Changes in benthic and pelagic production interact with warming to drive responses to climate change in a temperate coastal ecosystem

Abstract

AbstractChanging sea temperatures and primary productivity are rapidly altering marine ecosystems, but with considerable uncertainty in our understanding of the relative importance of these drivers and how their interactions may affect fisheries yield through complex food webs. Such outcomes are more difficult to predict for shallow coastal ecosystems than those in pelagic and shelf habitats, because coastal food webs are fuelled by a combination of separate pelagic and benthic energy pathways. Using long-term, empirical field data, we developed a novel multispecies size spectrum model for shallow coastal reefs. We include size-structured benthic and pelagic resources and trophic structures, allowing us to explore potential climate change scenarios that involve varying combinations of warming with changes in benthic and pelagic resources. Our model predicts that changes in resource levels will have much stronger impacts on fish biomass and yields than changes driven by physiological responses to temperature. Under increased plankton abundance, species in all trophic groups were predicted to increase in biomass, average size and yields. By contrast, changes in benthic resource produced variable responses across coastal trophic groups. Increased benthic resource led to increasing benthivorous and piscivorous fish biomass, yields and mean body sizes, but decreases in herbivores and planktivores. When resource changes were combined with warming seas, physiological responses generally decreased species’ biomass and yields.
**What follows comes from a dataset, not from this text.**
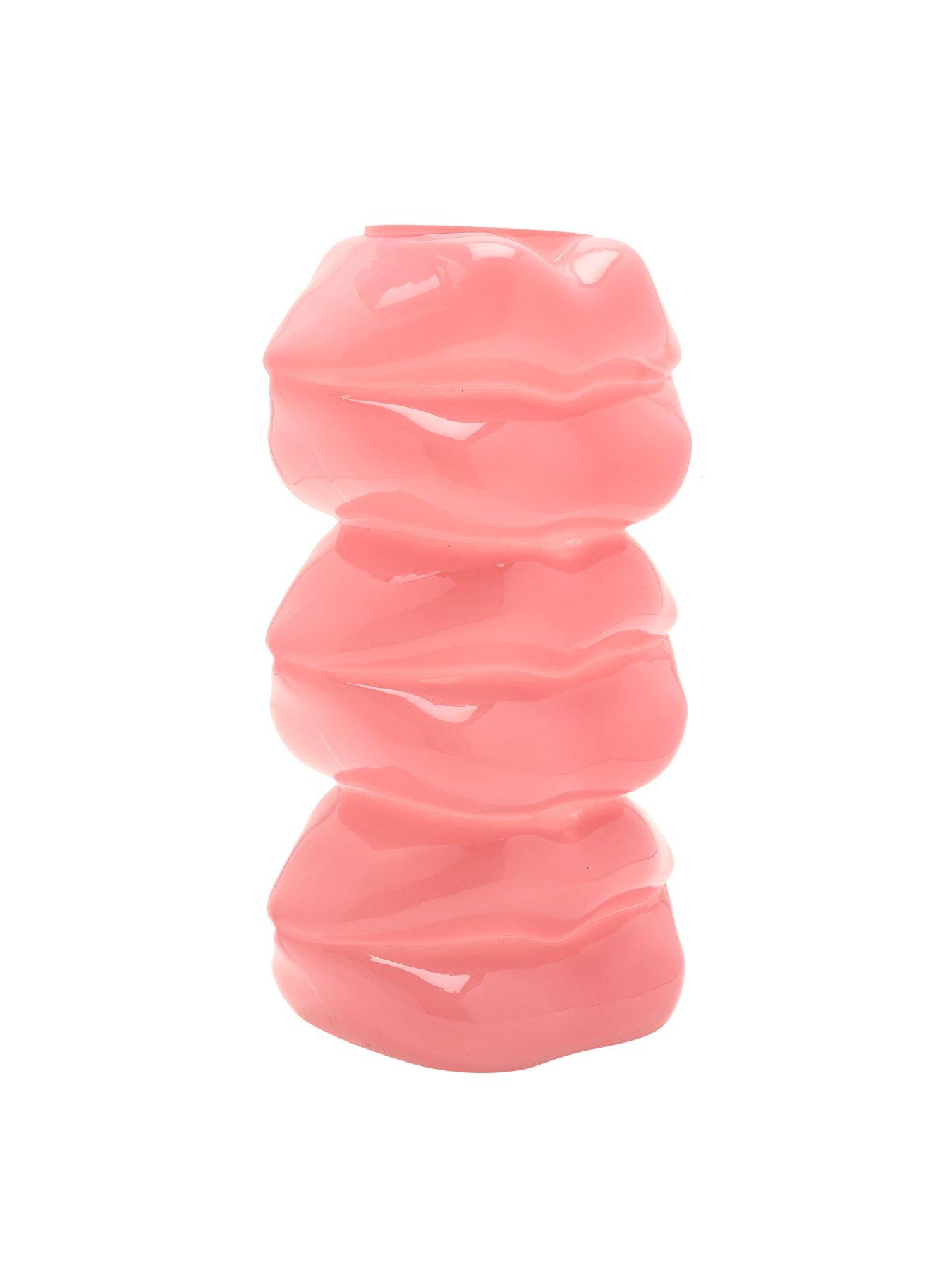 hestia-the-feel-good-club-glass-lip-stack-vaseoutfit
Our results suggest that the source, size and abundance of primary and secondary producers are critical to understanding impacts of warming seas on coastal fish communities. Understanding changes in benthic production and its implications for coastal fisheries requires urgent attention. Our modified size spectrum model provides a framework for further study of benthic and pelagic energy pathways that can be easily adapted to other ecosystems.